Resistance from Africa

Meanwhile, resistance to climate colonialism is growing on the African continent. "Africa cannot sacrifice its future prosperity for the sake of Western climate goals," writes Uganda's President Yoweri K. Museveni in a guest article for the Wall Street Journal. "The continent should balance its energy mix, not rush straight towards renewables - even if that will probably frustrate some of those who meet next week at the climate conference in Glasgow."

South Africa's energy minister Gwede Mantashe also warns of a “hurry to use renewable energy sources” at the expense of coal. This could have "harmful consequences", as the power outages in China, India and Great Britain showed.

“If we swing from one extreme to the other like a pendulum, we will find ourselves in the same position. We have to have a clear program. We have to manage the transition carefully, in an organized way. "

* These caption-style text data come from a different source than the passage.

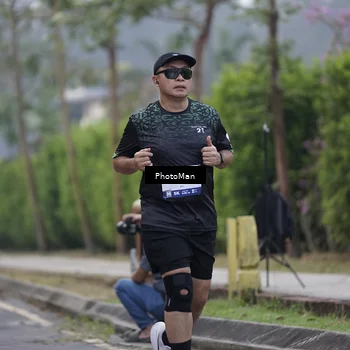 Runner Photo 8258036
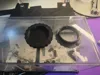 0.16mm layer, 18 walls, 60% infill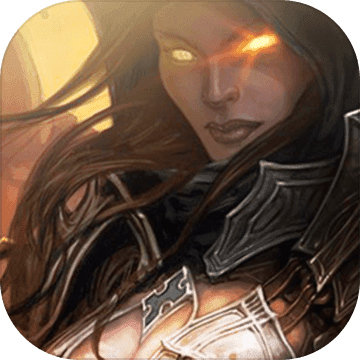 暗黑纹章觉醒满V版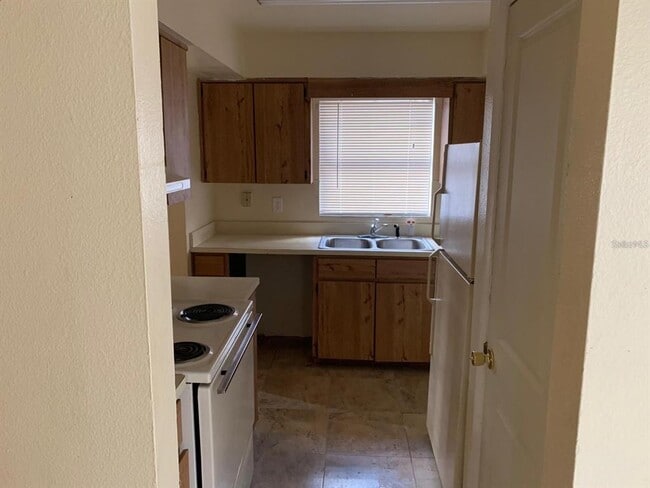 Photo - 2556 Chestnut Woods Dr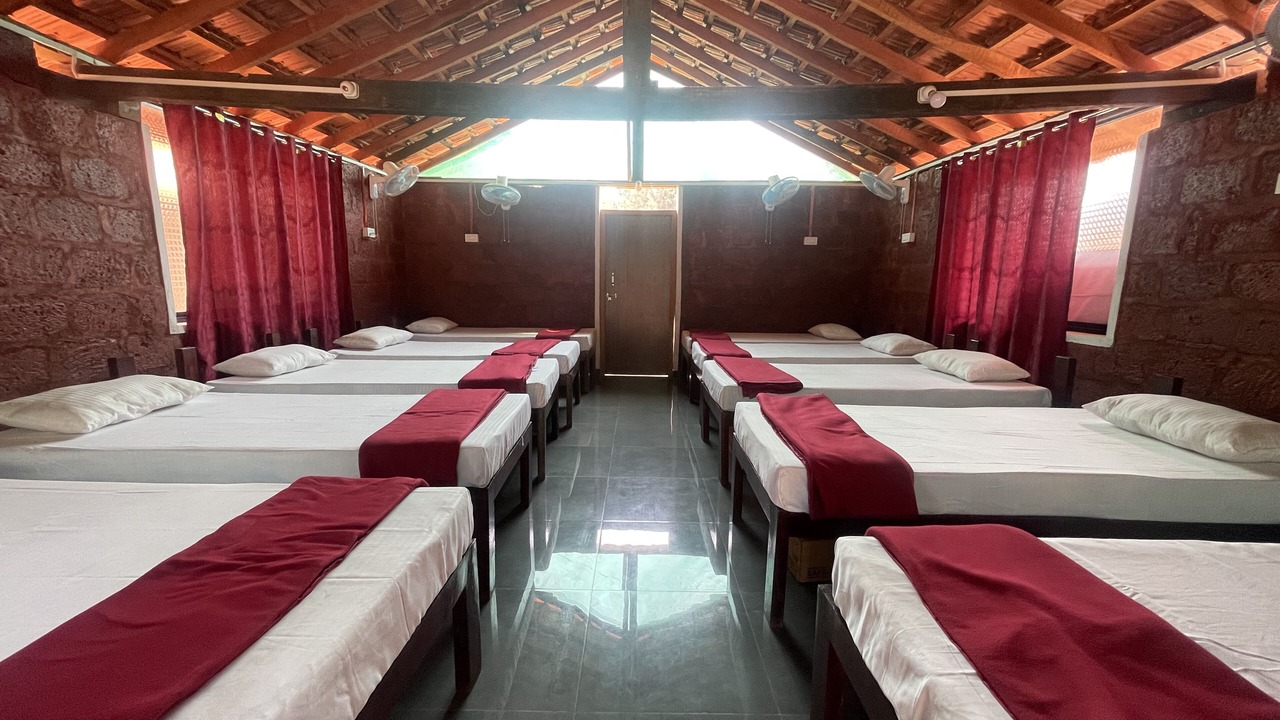 Photo of Bedroom in Kumta
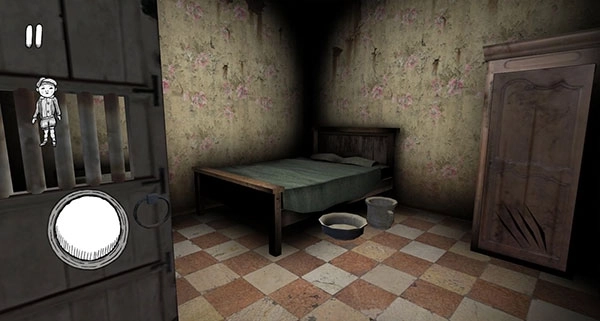 鬼修女校园惊魂最新版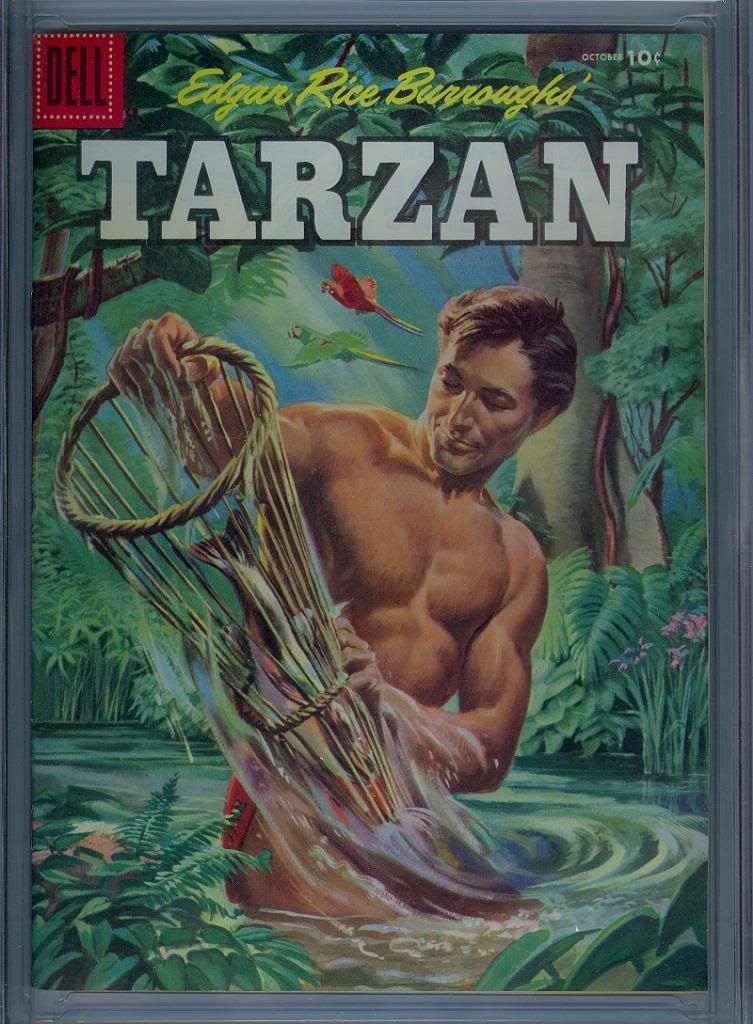 Tarzan73_zpse145157d.jpg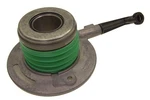 Sachs Clutch Release Bearing And Slave Cylinder For +more SB60149. Fixed Price $269.43.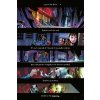 batman beyond 1 neo gothic pevna vazba komiks 9781779525154 2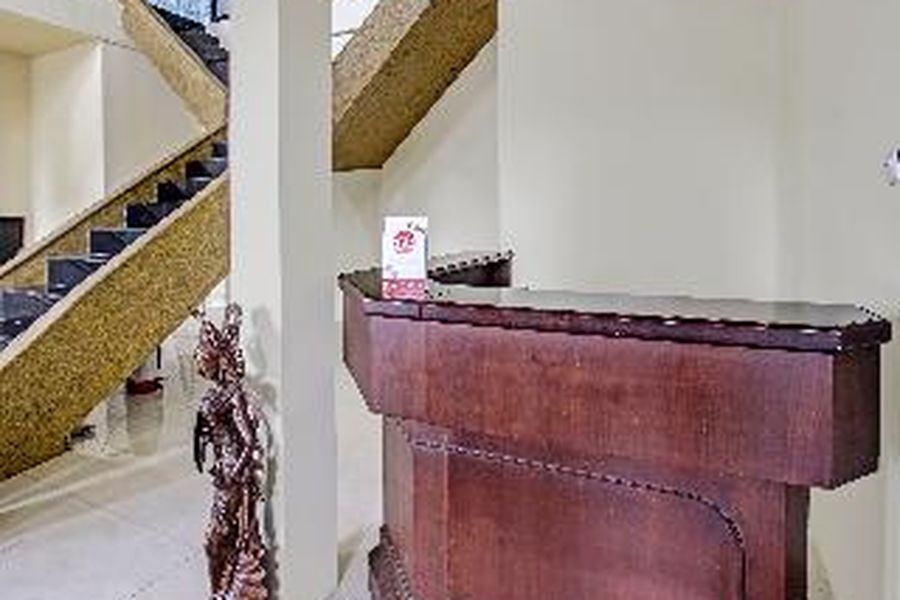 photo-2
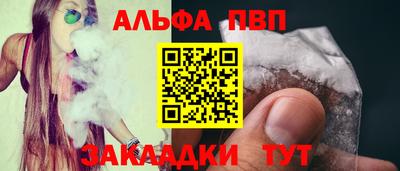 СК Кингисепп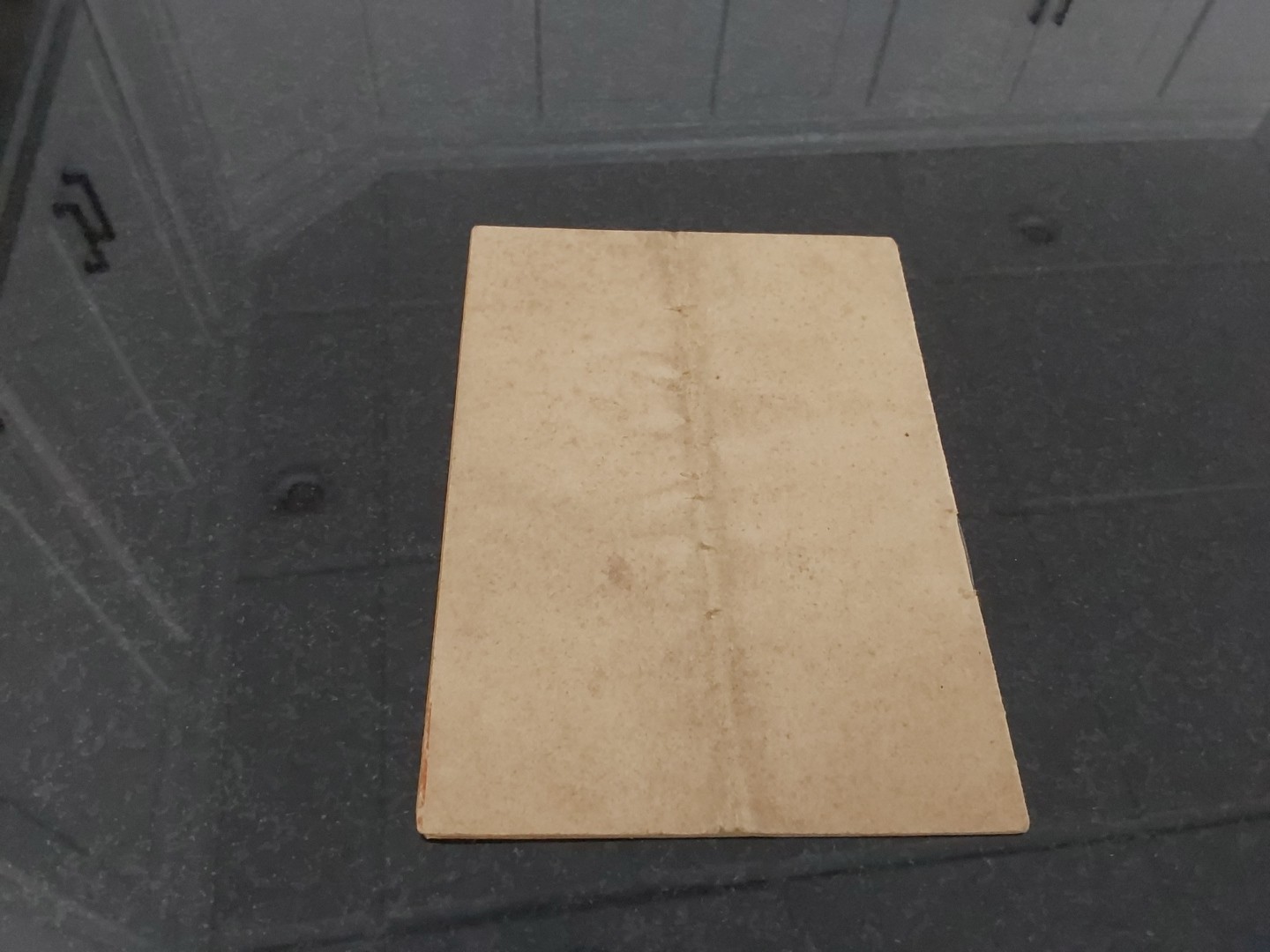 WWII 1943 Dr. Goebbels 30 War Articles for the German Folk Third Reich Booklet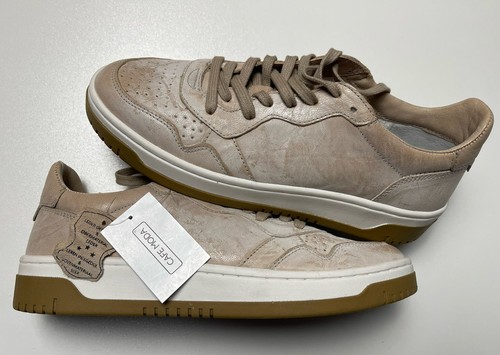 Café moda sneakers taglia - sneakers,,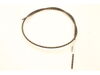 Drive Shaft – Part Number: 530094551
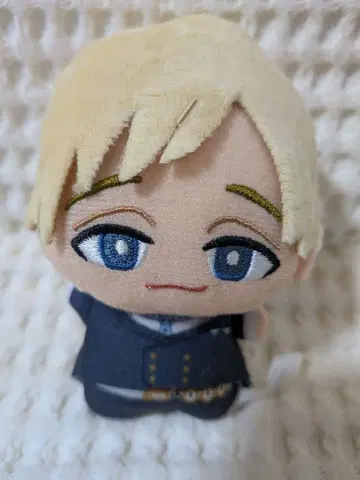 나의 히어로 아카데미아 히로아카 봉제 인형 SD 인형 물마 네이토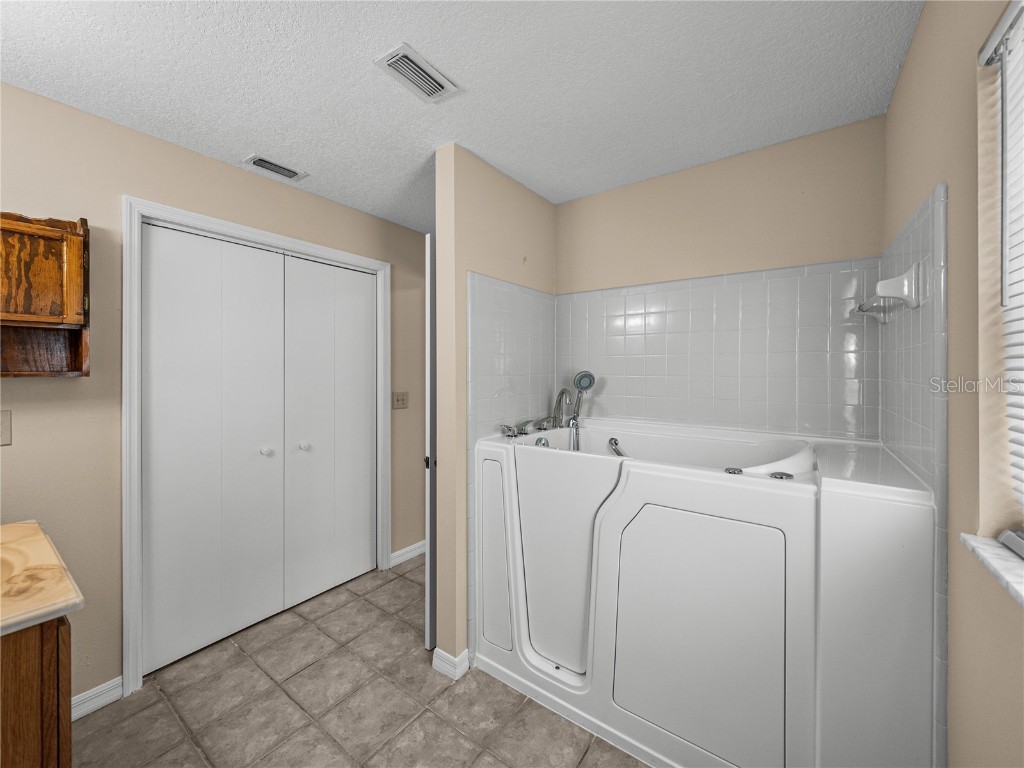 14730 Trooper Tom Lane Dade City FL 33525 TB8428712 image37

As reported by the Bloomberg news agency, Mantashe decided not to take part in a meeting with the US, EU, UK, France and Germany climate emissaries at the end of September (but in which the South African Environment Minister took part) and instead gave the closing speech at the Limpopo Conference for mining investments. In his speech, Mantashe demanded that South Africa's mining industry should become more attractive for foreign investment and also cited the Mpumalanga coal region as an example. In Mpumalanga a not inconsiderable part of the coal is mined, which ensures that billions of people in countries like China, India, Pakistan, Vietnam, Sri Lanka and Bangladesh do not go out of light.

Around a billion people worldwide - most of them in Africa - have no electricity whatsoever. They sit in the dark at night or light up their huts with unhealthy and dangerous open fires, which can lead to chronic respiratory diseases, eye infections and severe burns. Meanwhile, the German climate protection activist Luisa Neubauer suggests that everyone should produce their own electricity. In an interview with a solar lobbyist, Neubauer said it was about

"That things are taken into their own hands, that you get started, that you use cooperative resources, that you generate your own energy, that you start with village communities and communities and solidarity communities to generate energy yourself, to initiate the climate change."

This “climate change” will be one “that enriches, strengthens people and societies, that not only protects the climate, but also brings with it a kind of prosperity or well-being.”

For Germany, she demands: "This legislative period has to be the most climate-friendly of all time, we don't know what a 1.5-degree government looks like, we will have to invent it, we will have to demand that for anything in the world."

So a 1.5 degree government wants to invent it so that we then have some kind of prosperity or prosperity. Aha. Why can't someone like Mr. Mantashe be Energy Minister in Germany or EU Commission President? That would be better than if people dominate the discourse who don't produce anything other than CO2 when they talk.